In Which I Become a Basket Case

Thank you all so much for your kind comments. It has been great getting your feedback and I love having you along on my tour. And we're walking, we're walking...

Tabac Baskets

Following the color splash that was the Persians room, I turned the corner not knowing what to expect next. Beige was not it. I'm not a big fan of shades of brown and beige, so initially I was a little let down until I read the text on the wall and understood where these were coming from, aesthetically speaking.

These are all inspired by the shape of Native American baskets stacked upon each other for storage, and the way they naturally slump and find a different, but distinguishable, form in that state. There are the very neutral shades of the materials used to make the real baskets, especially as they fade and mellow with age, but on each one is the hint of artistic patterns, in abstract ways, that make the baskets special.

These were displayed in a large room with just four elements: the glass pieces; a huge, wooden 700-year-old table cut in one piece from a single tree; authentic native baskets; and a wall full of Pendleton blankets from Chihuly's personal collection. A good view of the entire room can be seen here.

We came into the room and had to go left or right past the enormous table.

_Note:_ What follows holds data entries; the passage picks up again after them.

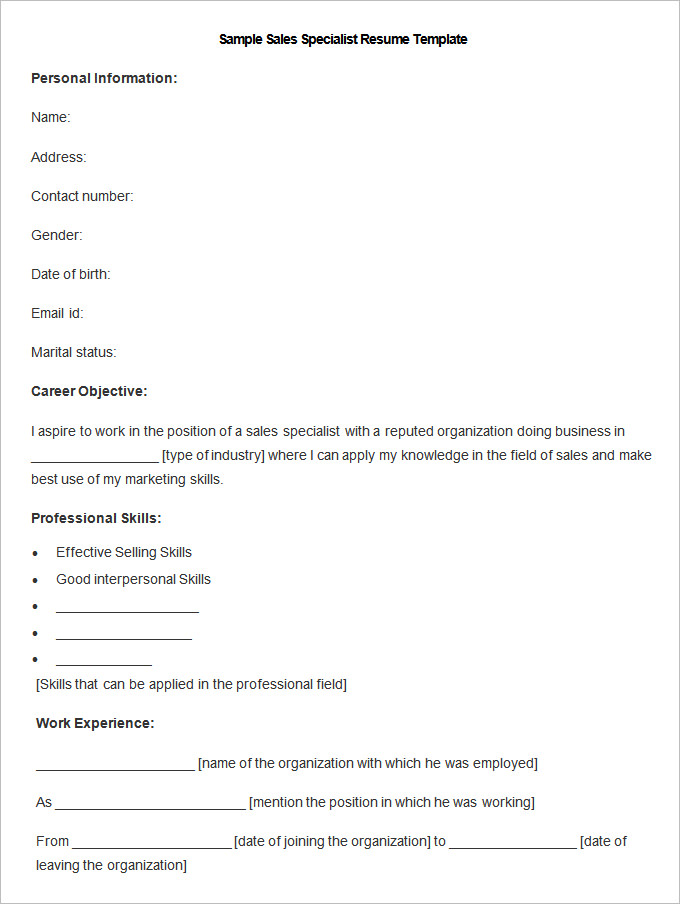 Sales Resume Template – 41+ Free Samples, Examples, Format Download!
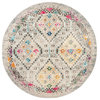 Transitional Area Rug, Vintage Geometric Pattern, Gray-Yellow/9' X 9' Round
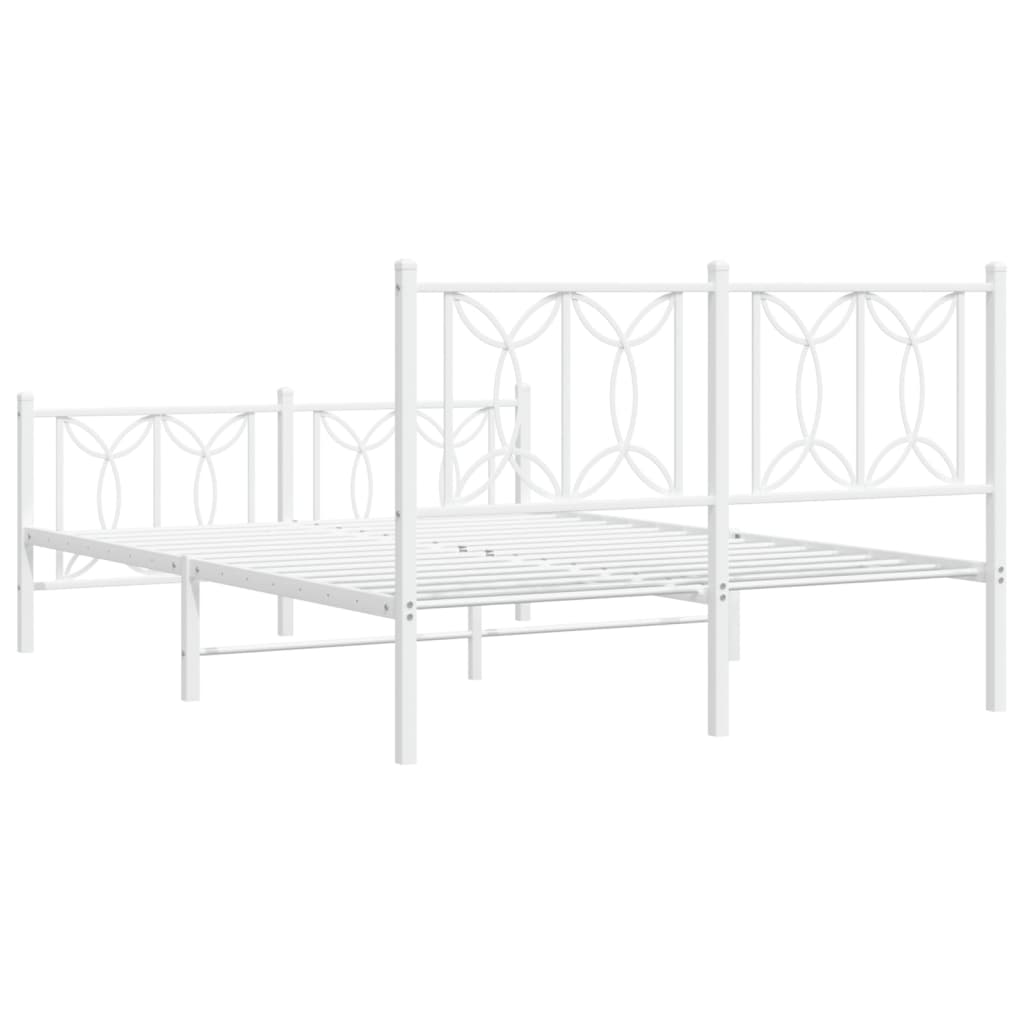 Metal Bed Frame with Headboard and Footboard White 140 x 200 cm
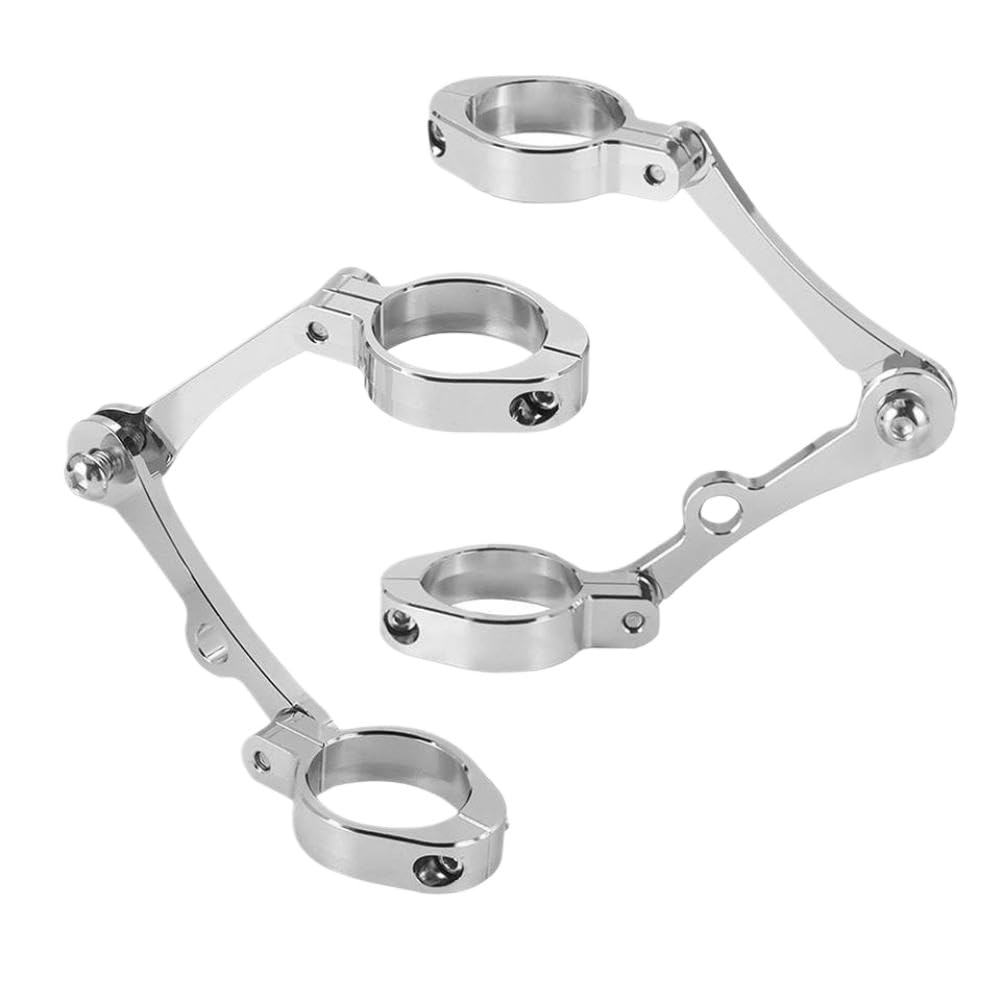 Swyykacqd Chrome Spotlight Holder Cnc Fork Tube Mount Clamp Compatible With Universal Motorcycle 39Mm-41Mm Headlight Bracket(Chrome)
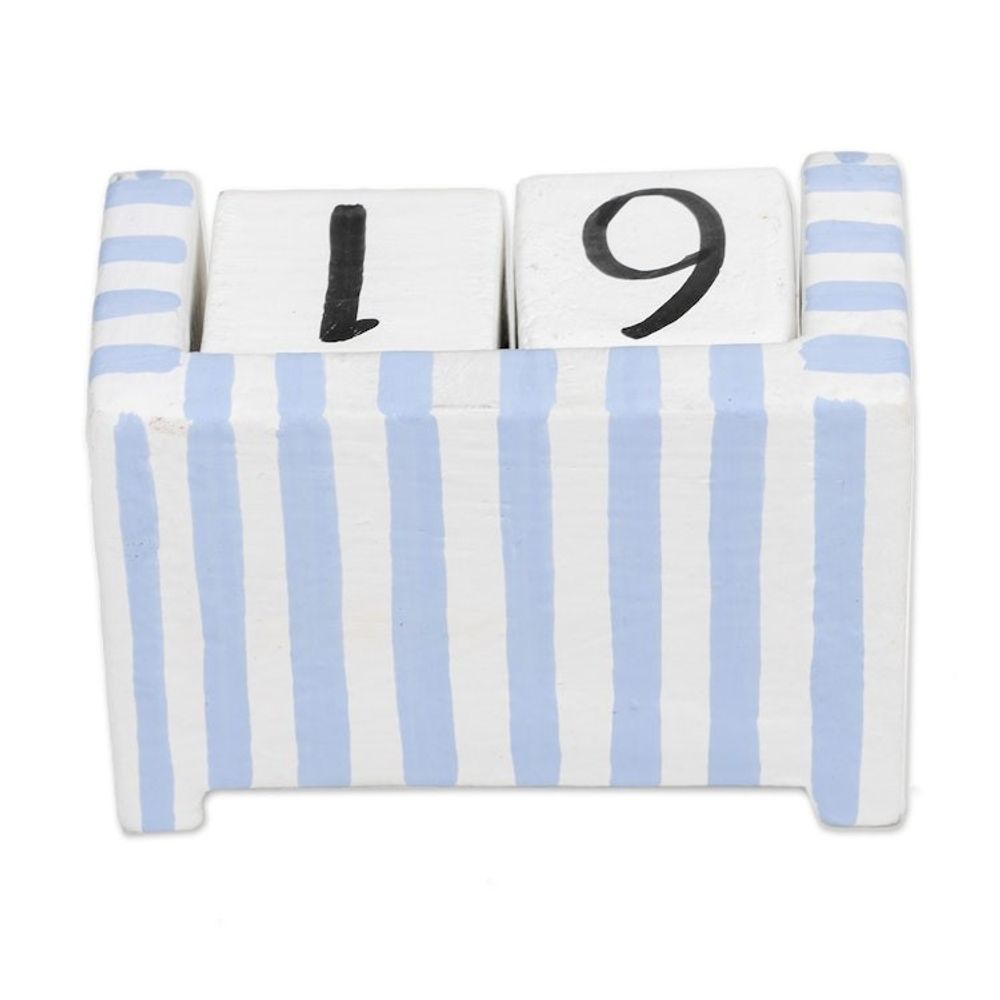 Hand-Carved and Painted Wood Perpetual Desk Calendar 'Bright Days'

To the right were the blankets, to the left were the baskets (both kinds) and the explanatory text; I went left and made my way down, swiveling around and whacking people with my purse as I tried to take it all in while taking pictures.

There were just so many of them, and they each had something to recommend them, that it was hard to not take pictures of every single one. So I tried to focus on the ones that had the most interesting light. It was weird though; it was like there was light everywhere and nowhere at the same time.

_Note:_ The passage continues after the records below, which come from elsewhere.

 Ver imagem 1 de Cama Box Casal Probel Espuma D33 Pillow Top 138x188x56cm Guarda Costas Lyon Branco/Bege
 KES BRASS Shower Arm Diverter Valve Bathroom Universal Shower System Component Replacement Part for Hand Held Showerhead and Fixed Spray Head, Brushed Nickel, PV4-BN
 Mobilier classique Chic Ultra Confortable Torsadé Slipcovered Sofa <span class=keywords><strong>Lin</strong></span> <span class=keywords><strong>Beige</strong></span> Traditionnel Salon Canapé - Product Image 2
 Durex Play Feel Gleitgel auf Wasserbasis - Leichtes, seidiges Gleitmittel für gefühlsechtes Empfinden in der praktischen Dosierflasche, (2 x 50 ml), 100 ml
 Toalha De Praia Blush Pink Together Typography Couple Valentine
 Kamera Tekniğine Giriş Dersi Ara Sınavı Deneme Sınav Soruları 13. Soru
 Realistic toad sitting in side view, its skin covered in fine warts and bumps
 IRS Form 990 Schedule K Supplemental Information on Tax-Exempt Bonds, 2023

This next one blew me away when I took the camera away from my face to see the seconds-long preview. There is no light within the vessel and, to the eye, it doesn't glow like that. I kept looking at it to see how it did that but I still have no idea.

I got to the end of the table and started to make the turn back to the blankets...and that's when my camera battery died. I knew there were still a lot of rooms to go and so much more glass to see, with an unknown amount of battery power on my little camera, so the blankets had to be sacrificed. I couldn't have done any better than this, though, so I feel okay with that call.